So much of high school is discovering who you are; what you love, what you want to do with your life, what kind of people you want in your life. Teen years are supposed to be about finding your identity and most YA books include that in the narrative. But some books cover the idea of identity more in depth than others in ways that are incredibly important.
Some YA books really work to challenge what identity is made of. Books like She, Myself, and I by Emma Young call attention to the importance of a body to identity. Rosa’s brain is transplanted into Sylvia’s body, causing Rosa to question who she is. Part of her identity was that she was quadriplegic and she needed her brother and her parents, but in a new body where she can walk and move as she pleases, she no longer has those facets of her identity, so who is she? And if she’s in Sylvia’s body, is she still Rosa or is she Sylvia?
This narrative about the body and identity is particularly important these days when there’s so much talk about bodies and what they mean. More and more, transgender and nonbinary people come up in the public conversation, particularly in regard to their rights. People claim that your gender and the body you have always match because of chromosomes, that your body decides what you should wear, what toys you can play with as a child, what bathroom you can use, what careers you can have.
But how can anyone claim that the body you’re born with should dictate your life when bodies can be changed? Sometimes, body changes are even encouraged. As a society, we encourage people to lose or gain weight to have the “right” kind of body. People, but particularly people assigned female at birth (AFAB), are encouraged to have surgery to fix “flaws” in their bodies – noses, breasts, stomachs, facial construction. We can put holes in our body, we can change our hair color or remove our hair all together, we can put ink on our skin or self-tanner to change the color. There’s even a billion-dollar makeup industry that exists to change how people look, enhancing good qualities and hiding flaws.
Despite all of that, society still ties bodies and identity together. One of the perks of YA books is that teen readers can watch as the main characters in novels figure out their identity and how unrelated bodies are; readers can see there are so many far more important pieces to someone’s identity.
Many YA novels use romance to help a main character figure out who they are. In finding love (or being part of any relationship, truthfully), they begin to understand themselves more and figure out who they want to be.

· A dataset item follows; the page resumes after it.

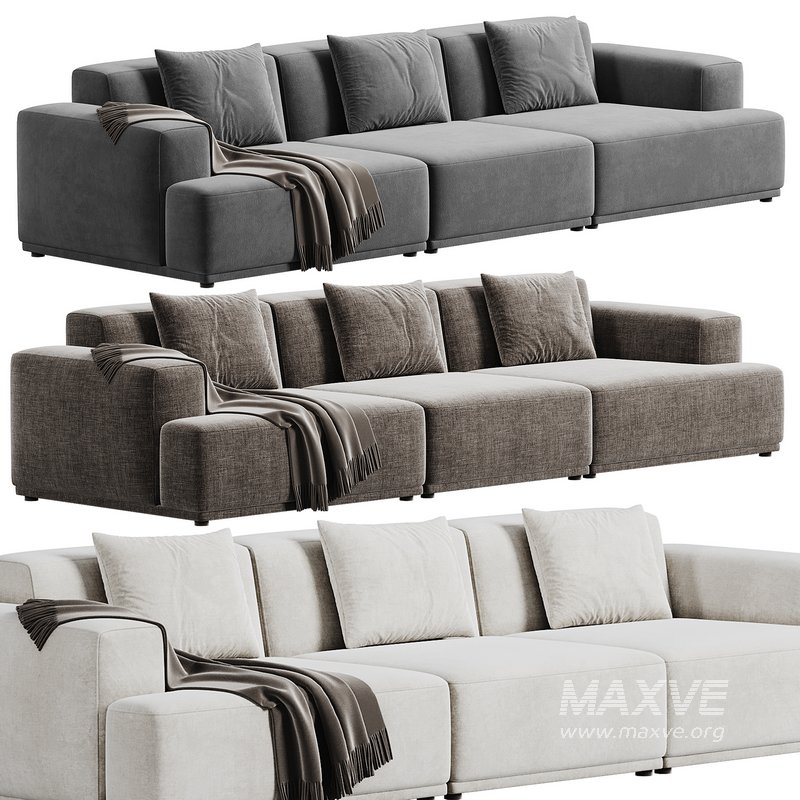 Connect Soft Modular Sofa - Image 4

Boys by Heather Ross shows this brilliantly by explaining what kind of girl balances out with what kind of boy, in a way that applies to all genders. Unlike most other books, Boys calls to attention the idea that relationships and heartbreak can equally impact identity.

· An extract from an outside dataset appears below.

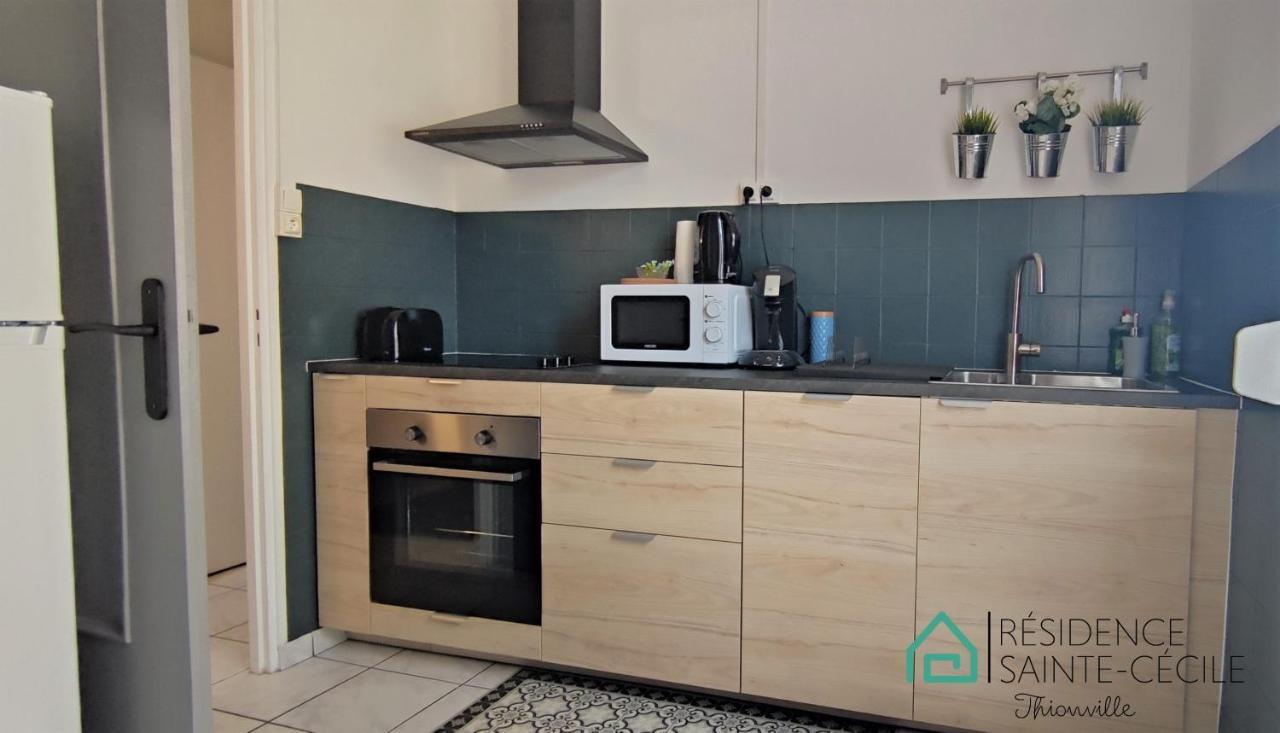 Residence Sainte Cecile Thionville Zewnętrze zdjęcie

But relationships and heartbreak still aren’t the only thing that forms who we are. It’s also the things we love, where we grow up, our family, our beliefs, our tastes. And identities can change as we grow older and get to know ourselves better – people are still figuring out who they are well into their thirties, forties, and fifties. Identity is complicated and flexible and the best any of us can do when we’re young is try to be comfortable in who we are and understand how that might change later. And we have to separate our bodies from our identity, from our value, which is exactly what Rosa demonstrates.